**Exercise description:**
Copy the data below exactly, but not the pictures it contains.
☆ ☆ ☆ ☆
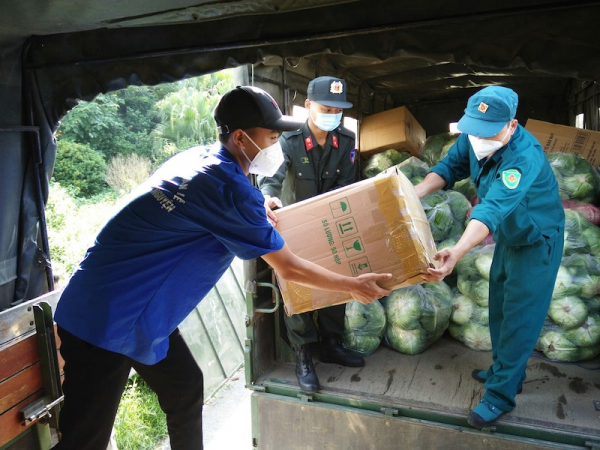 Tiếp nhận nhu yếu phẩm từ Công an tỉnh Lào Cai phân phố cho hơn 900 người yếu thế -1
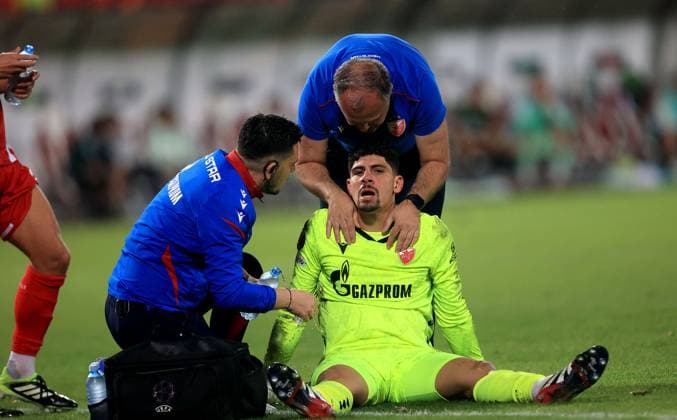24.09.2025 Belgrade Beograd FK Crvena Zvezda(FC Red Star)-FC Celtic Europa League men s football Matheus (C) Crvena Zvezda(FC Red Star) injury :
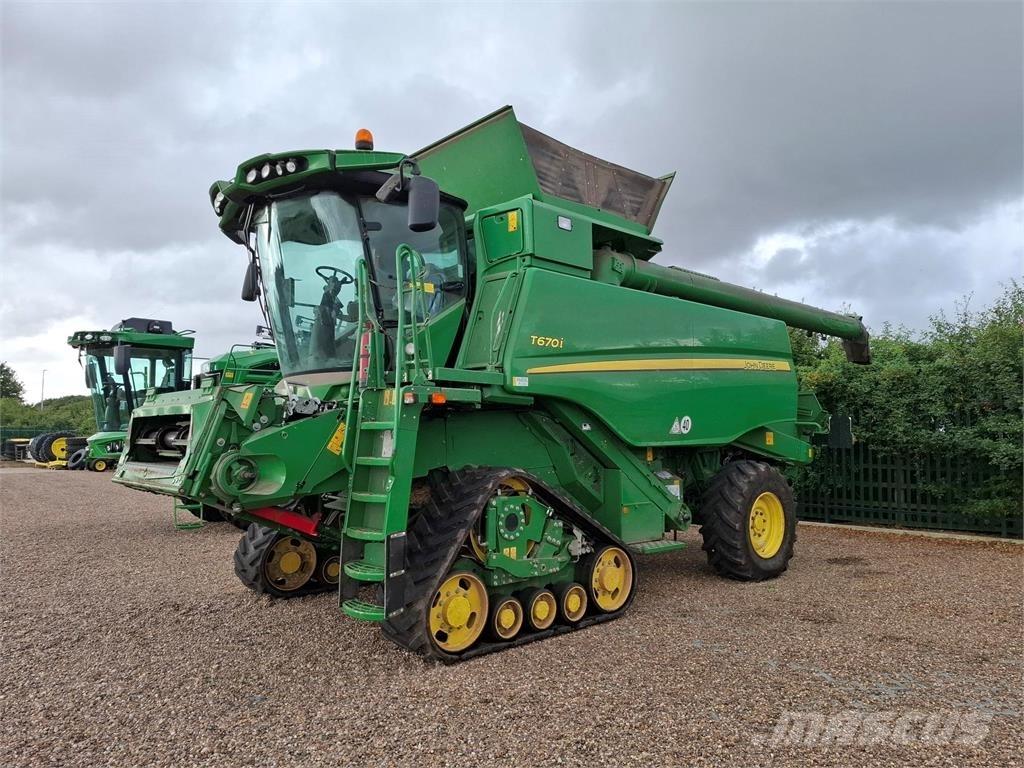 John Deere T670i Skördetröskor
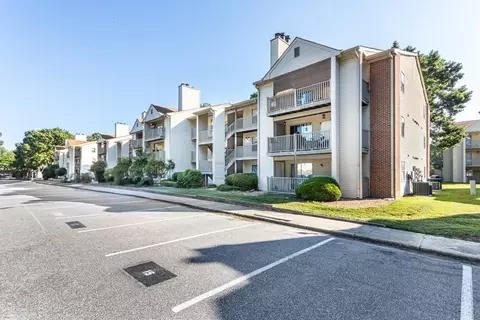 564 Candle Ln #302, Newport News, VA 23608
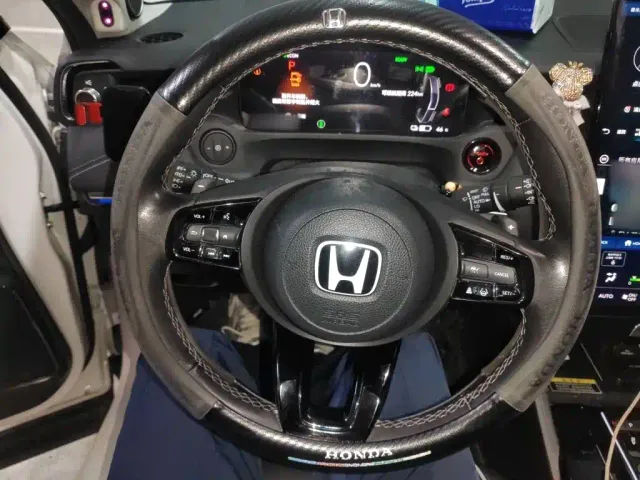 Honda e:NS1 — Фото автомобиля 6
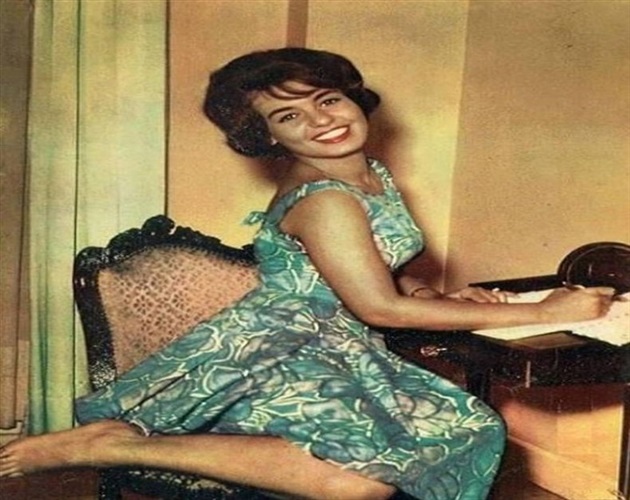 الفنانة سميرة احمد 
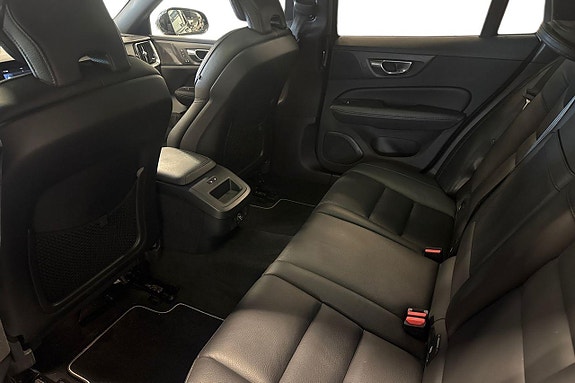 Volvo V60 14 of 30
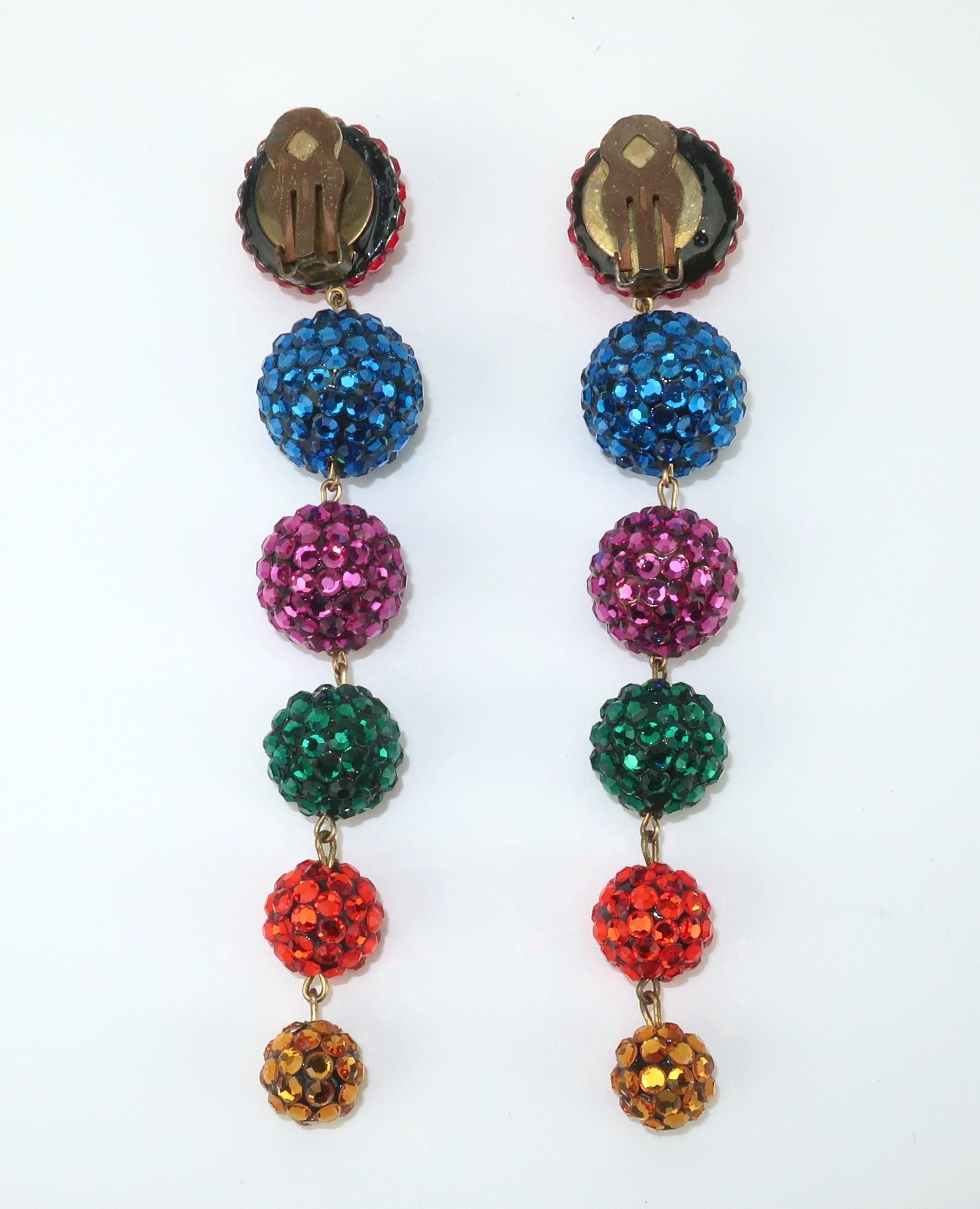 Pendientes colgantes de cristal pavé multicolor atribuidos a JAMES ARPAD, años 80 en venta 1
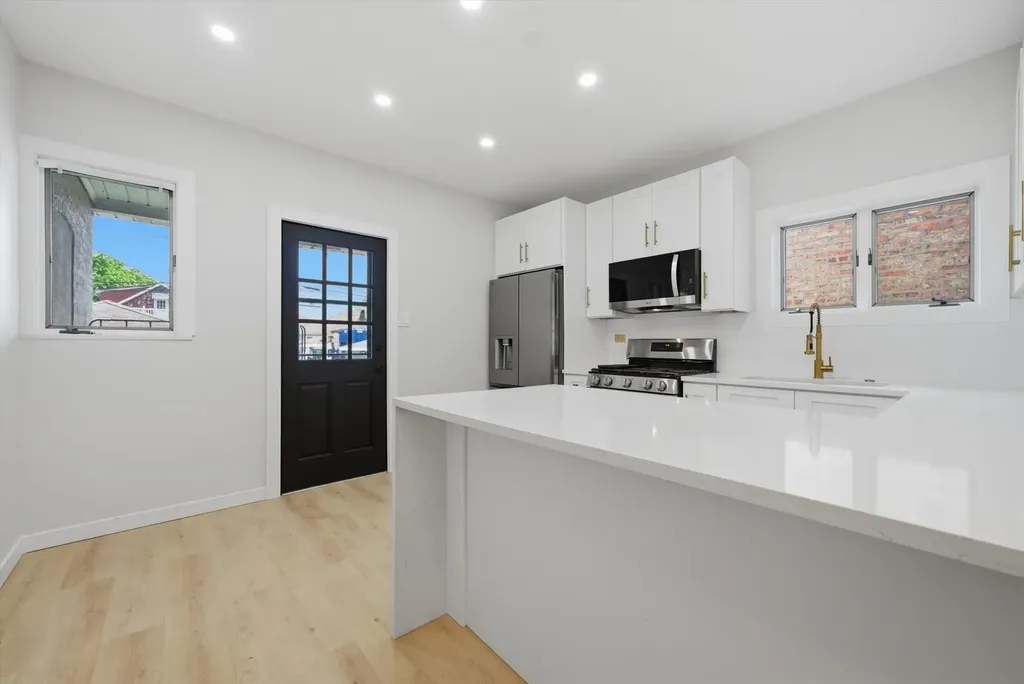 5411 West Byron Street Chicago IL 60641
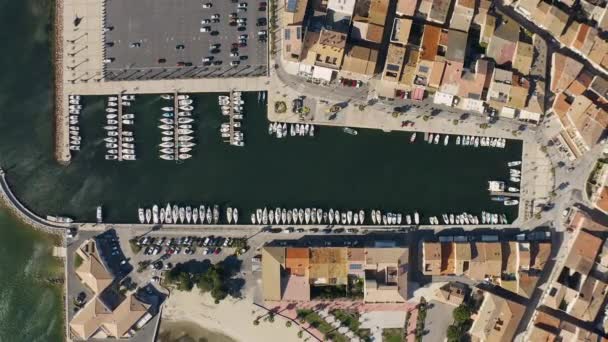 Flygfoto vertikal vy över hamnen i Mèze, fritidsbåtar och segling Thau — Stockvideo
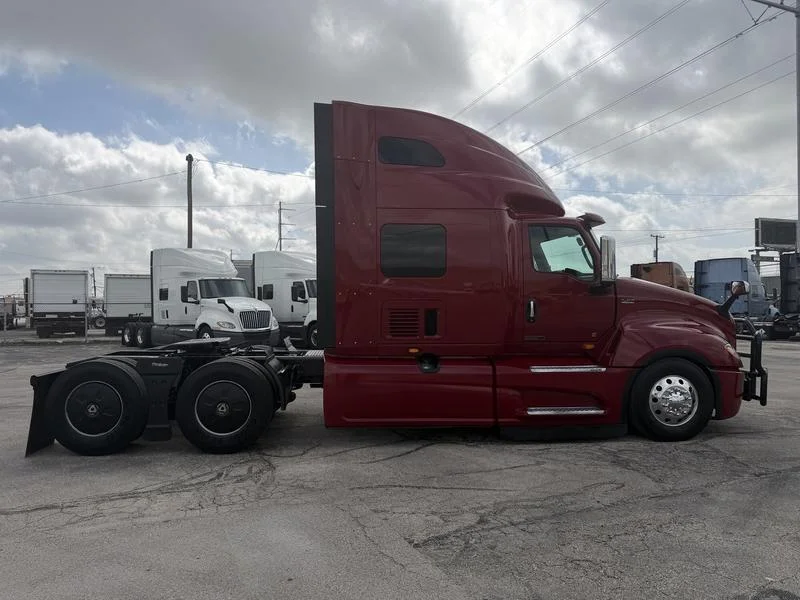 2024 International LT - image 2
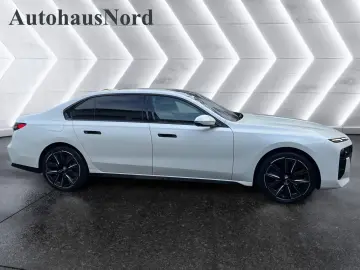 BMW 740 d xDrive M-Pro SKYLoung Leather-Red REARTV S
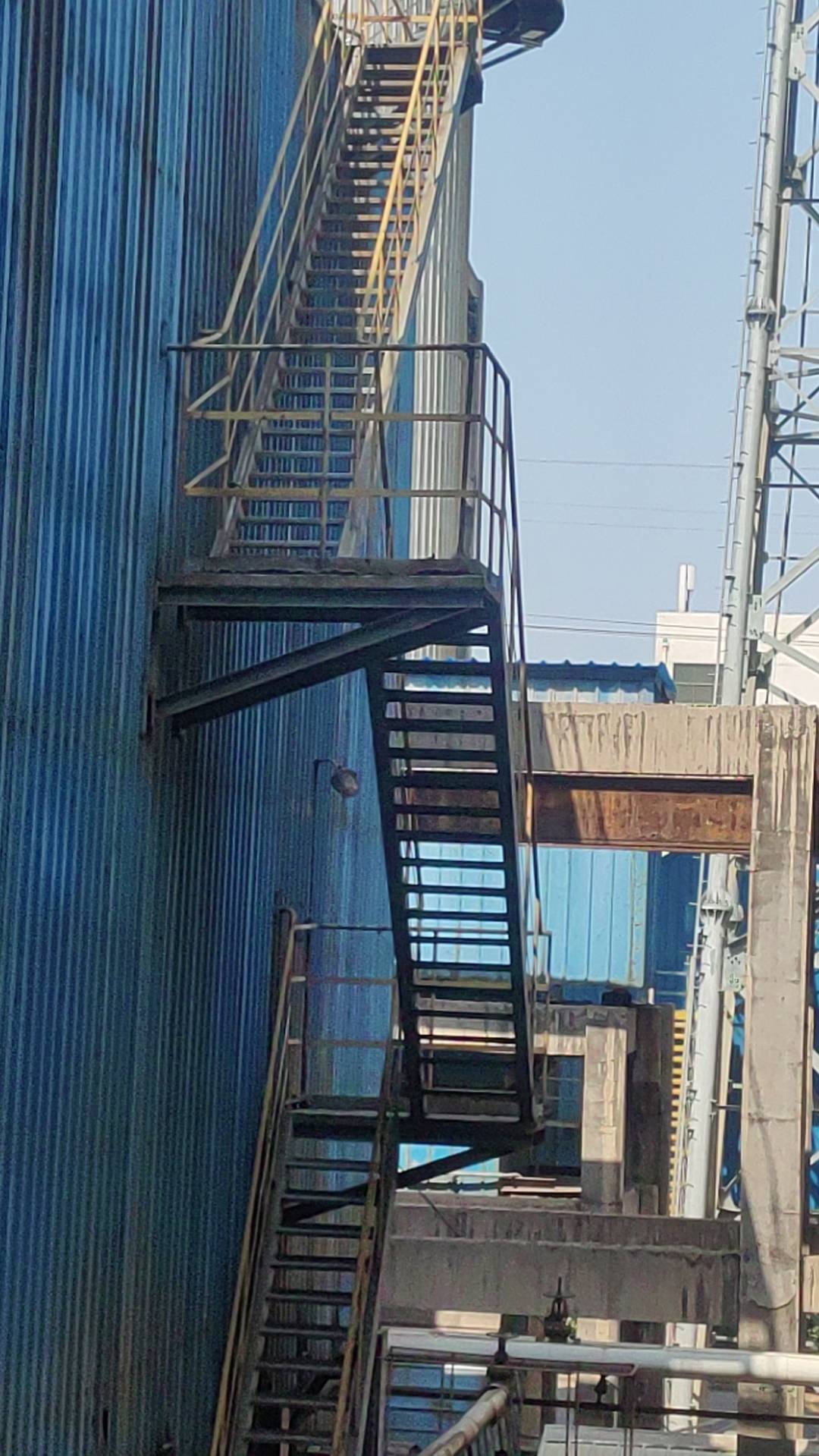 老哥们  这种你们敢爬嘛



39 / 作者:撸天撸地哦 / 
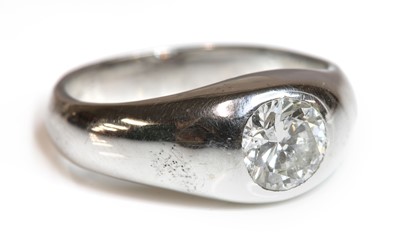 Lot 446 - A white gold single stone diamond ring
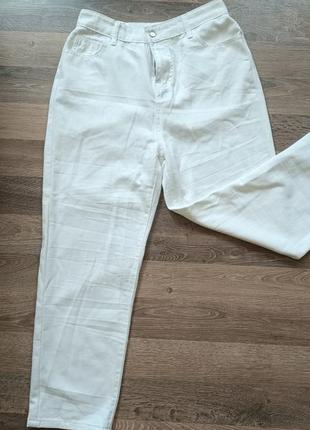 Новенькие, стильные, белые женские джинсы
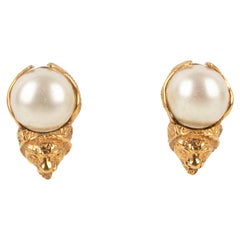 Chanel Haute Couture Golden Metal Earrings with Costume Pearls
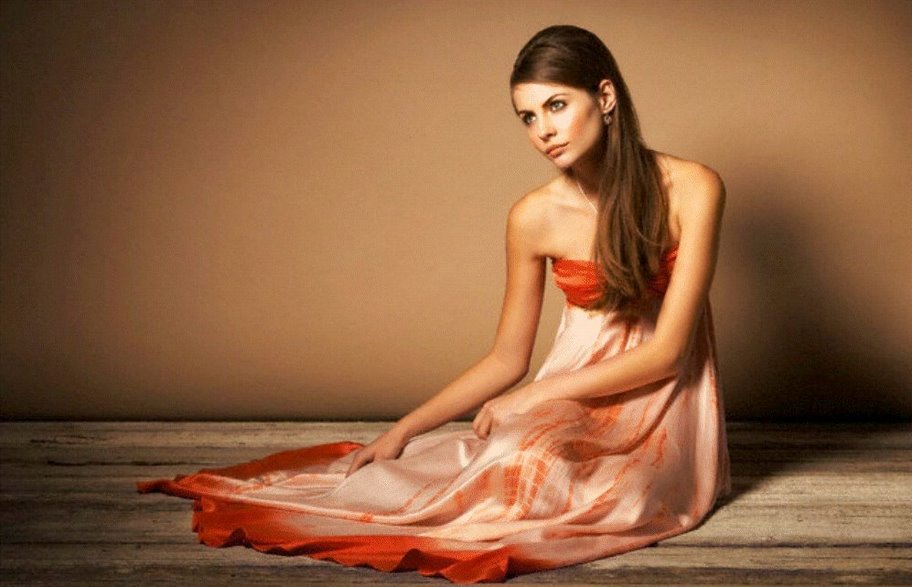Willa Holland Willa Holland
☆ ☆ ☆ ☆
**The answer:**
 Tiếp nhận nhu yếu phẩm từ Công an tỉnh Lào Cai phân phố cho hơn 900 người yếu thế -1
24.09.2025 Belgrade Beograd FK Crvena Zvezda(FC Red Star)-FC Celtic Europa League men s football Matheus (C) Crvena Zvezda(FC Red Star) injury :
 John Deere T670i Skördetröskor
 564 Candle Ln #302, Newport News, VA 23608
 Honda e:NS1 — Фото автомобиля 6
 الفنانة سميرة احمد 
 Volvo V60 14 of 30
 Pendientes colgantes de cristal pavé multicolor atribuidos a JAMES ARPAD, años 80 en venta 1
 5411 West Byron Street Chicago IL 60641
 Flygfoto vertikal vy över hamnen i Mèze, fritidsbåtar och segling Thau — Stockvideo
 2024 International LT - image 2
 BMW 740 d xDrive M-Pro SKYLoung Leather-Red REARTV S
 老哥们  这种你们敢爬嘛



39 / 作者:撸天撸地哦 / 
 Lot 446 - A white gold single stone diamond ring
 Новенькие, стильные, белые женские джинсы
 Chanel Haute Couture Golden Metal Earrings with Costume Pearls
Willa Holland Willa Holland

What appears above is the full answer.